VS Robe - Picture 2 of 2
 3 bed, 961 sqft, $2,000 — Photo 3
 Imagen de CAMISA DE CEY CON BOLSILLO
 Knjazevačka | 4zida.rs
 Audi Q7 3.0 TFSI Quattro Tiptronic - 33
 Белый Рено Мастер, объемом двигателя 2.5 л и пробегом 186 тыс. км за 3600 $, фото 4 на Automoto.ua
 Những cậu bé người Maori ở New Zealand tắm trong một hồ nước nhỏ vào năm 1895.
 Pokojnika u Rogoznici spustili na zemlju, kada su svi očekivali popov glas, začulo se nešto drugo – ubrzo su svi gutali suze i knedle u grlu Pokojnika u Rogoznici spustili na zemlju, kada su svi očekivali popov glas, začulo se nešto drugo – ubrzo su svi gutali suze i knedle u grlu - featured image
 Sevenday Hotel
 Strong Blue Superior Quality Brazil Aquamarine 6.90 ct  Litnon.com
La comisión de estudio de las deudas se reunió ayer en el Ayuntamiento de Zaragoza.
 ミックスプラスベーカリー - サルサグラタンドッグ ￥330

■ ■ ■ ■ ■ ■ ■

_Exercise description_.
Transcribe, with no changes, the listing above from its first line through the line with "Những cậu bé", including that line, and stop once it is done.

_Task solution_.
VS Robe - Picture 2 of 2
 3 bed, 961 sqft, $2,000 — Photo 3
 Imagen de CAMISA DE CEY CON BOLSILLO
 Knjazevačka | 4zida.rs
 Audi Q7 3.0 TFSI Quattro Tiptronic - 33
 Белый Рено Мастер, объемом двигателя 2.5 л и пробегом 186 тыс. км за 3600 $, фото 4 на Automoto.ua
 Những cậu bé người Maori ở New Zealand tắm trong một hồ nước nhỏ vào năm 1895.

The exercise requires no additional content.